[Items from a data source]

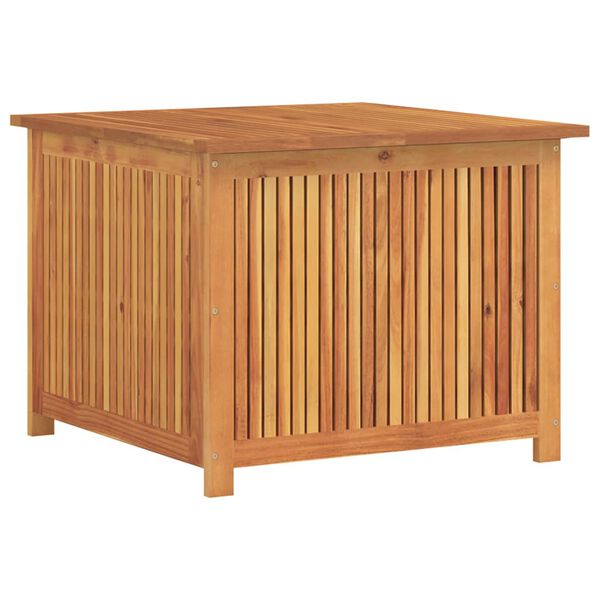 vidaXL Bo&icirc;te de rangement de jardin 75x75x58 cm bois massif d'acacia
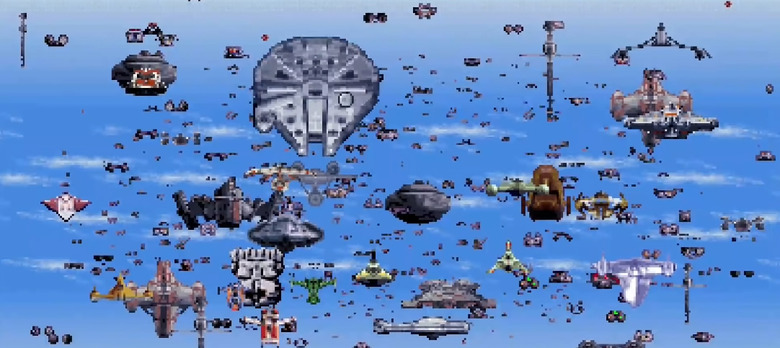 Star Wars: The Rise of Skywalker 16-Bit Ending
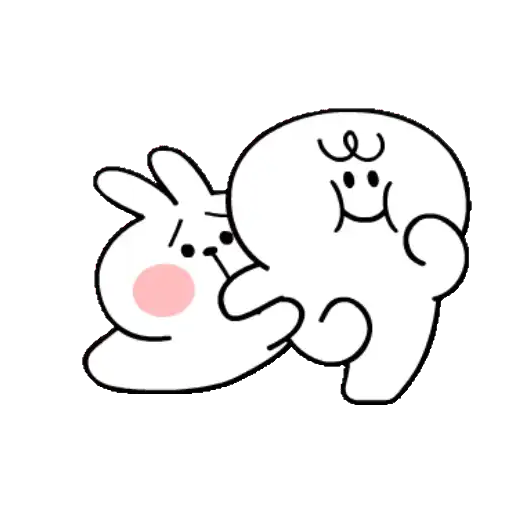 [Animation] Spoiled Rabbit Hug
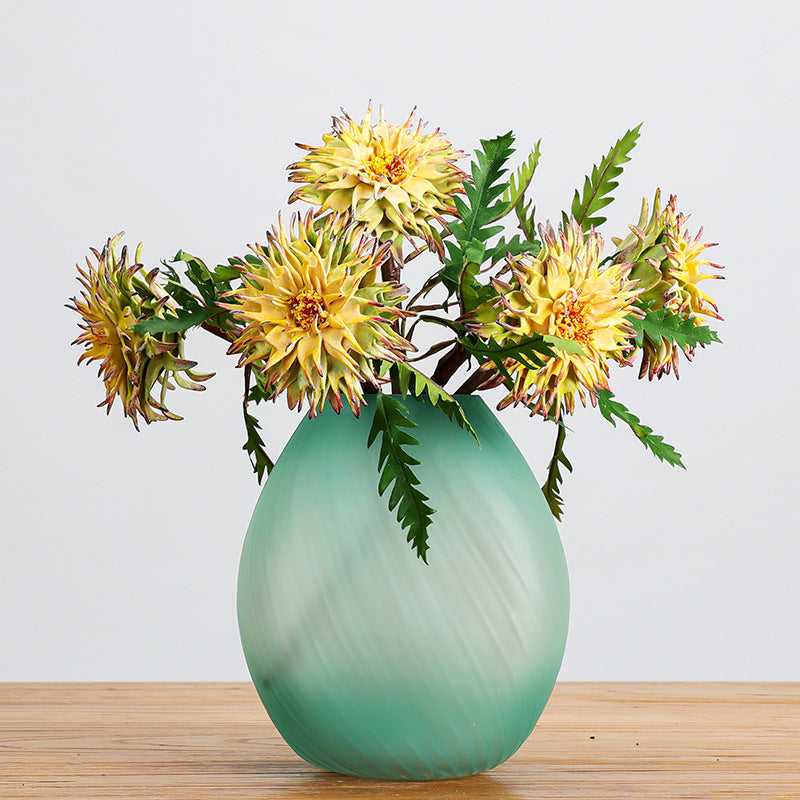 14.5 Inch Artificial Cirsii Herba Stems 10 Pcs Bulk Wedding Home Decor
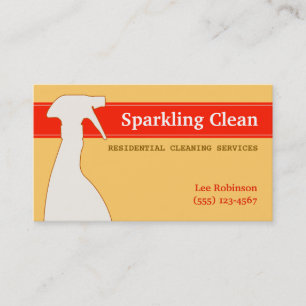 Carte de visite des services de nettoyage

WHAT THE EXERCISE ASKS
Excluding all pictures, print exactly and only the lines from the line with "14.5 Inch Artificial" through the end of the records above, both ends included.

ANSWER FOR THE TASK
 14.5 Inch Artificial Cirsii Herba Stems 10 Pcs Bulk Wedding Home Decor
 Carte de visite des services de nettoyage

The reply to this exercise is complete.